Select ZX Spectrum as the platform.
Choose your language.
The IDE uses a JavaScript Spectrum emulator — you'll see the familiar loading screen.
Build and your program runs automatically.

Spectrum keyboard in the emulator

The Spectrum has unusual key mappings — symbols are accessed via CAPS SHIFT and SYMBOL SHIFT. The emulator typically maps these to your keyboard's modifier keys. For BASIC keywords, Spectrum BASIC normally auto-inserts them on key press — but in the IDE you're editing source text, so just type the keywords out.

Hardware overview

CPU — Zilog Z80 at 3.5 MHz

The Z80 runs at 3.5 MHz on the 48K Spectrum. It's an 8/16-bit processor with a rich instruction set, alternate register sets, and powerful block-move instructions (LDIR, LDDR). See Z80 assembly for the full picture.

The CPU is contended — it shares the bus with the ULA (the video chip), which slows it down by stealing memory cycles during the display period. Code running during the display area is slower than code running during the border or blanking period.

ULA — Video and I/O

The ULA (Uncommitted Logic Array) is the Spectrum's custom chip — it handles video output, keyboard scanning, and the tape interface.

The screen is 256×192 pixels in a 32×24 character grid. It's unusual in two ways:

Pixel data and colour data are stored separately:

Pixel RAM: $4000–$57FF (6144 bytes)
Attribute RAM: $5800–$5AFF (768 bytes — one byte per 8×8 character cell)

Pixel rows are stored non-linearly — the order within each third of the screen is scrambled. This was a hardware quirk that saved Sinclair the cost of more video RAM chips.

The attribute system

Each 8×8 character cell has one attribute byte controlling colour:

Bit 7: FLASH (alternates ink/paper)
Bit 6: BRIGHT (brighter colours)
Bits 5–3: PAPER colour (0–7)
Bits 2–0: INK colour (0–7)

Spectrum colour palette (same index for ink and paper):

Index	Normal	Bright
0	Black	Black
1	Blue	Bright Blue
2	Red	Bright Red
3	Magenta	Bright Magenta
4	Green	Bright Green
5	Cyan	Bright Cyan
6	Yellow	Bright Yellow
7	White	Bright White

Colour clash happens when two objects that are different colours share the same 8×8 attribute cell — one colour overwrites the other's attribute. This is the Spectrum's most distinctive limitation. Smart game design works around it by using one colour per character cell deliberately.

Sound

The Spectrum has a 1-bit beeper — a single piezo speaker controlled by toggling bit 4 of port $FE. This sounds like a severe limitation, but talented programmers have produced remarkably rich music from it using rapid pulse-width modulation techniques.

In ZX BASIC:

BEEP 0.5, 0   ' 0.5 seconds, note 0 (middle C)
BEEP 0.25, 12 ' 0.25 seconds, one octave up

Memory map (48K)

Range	Contents
$0000–$3FFF	ROM (16 KB — BASIC interpreter and routines)
$4000–$57FF	Screen pixel data (6144 bytes)
$5800–$5AFF	Screen attribute data (768 bytes)
$5B00–$5BFF	Print buffer
$5C00–$5CBF	System variables
$5CB6–$FFFF	Free RAM (BASIC program starts here)

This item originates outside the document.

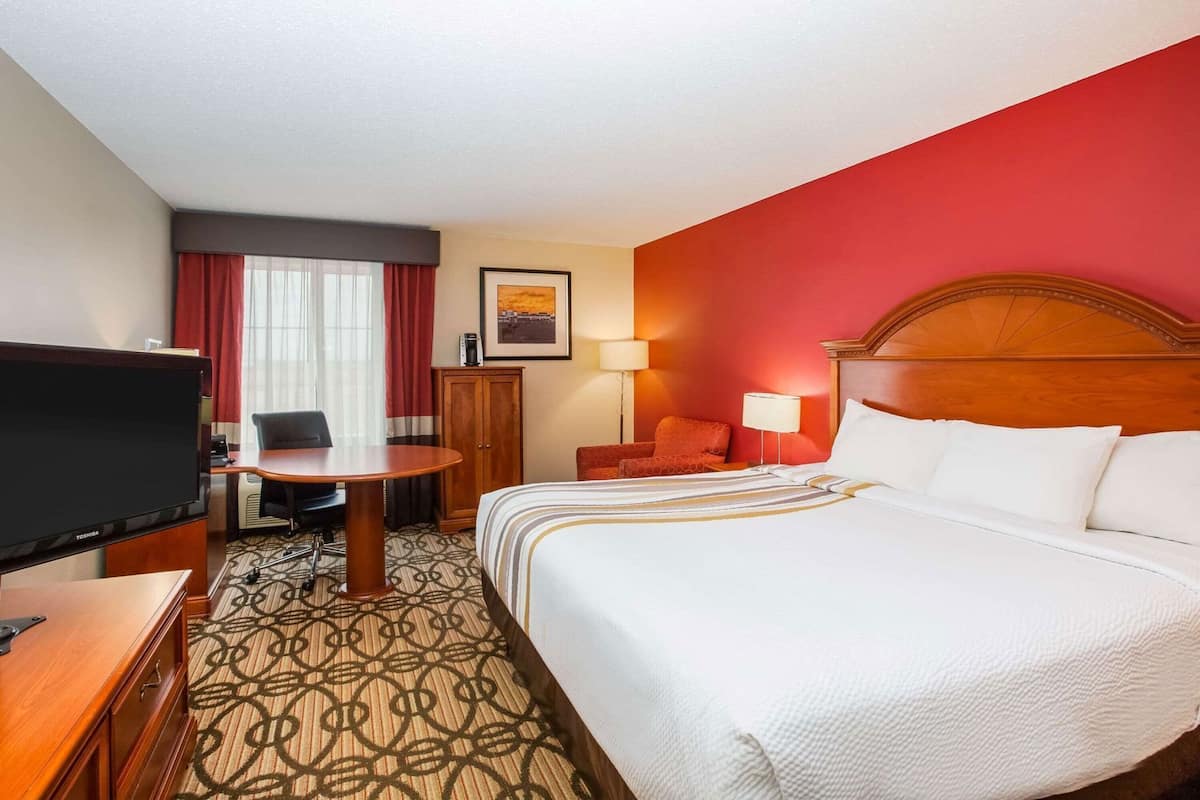 Ein Hotelzimmer mit Bett, Schreibtisch mit Fernseher, Stuhl, Tisch und Schrank.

Your machine code programs typically load above the BASIC program and the BASIC stack — often around $7530 or higher. Use CLEAR address from BASIC to reserve space before loading.

The non-linear pixel layout

The 48K Spectrum stores pixel rows in a scrambled order — this catches everyone out at least once.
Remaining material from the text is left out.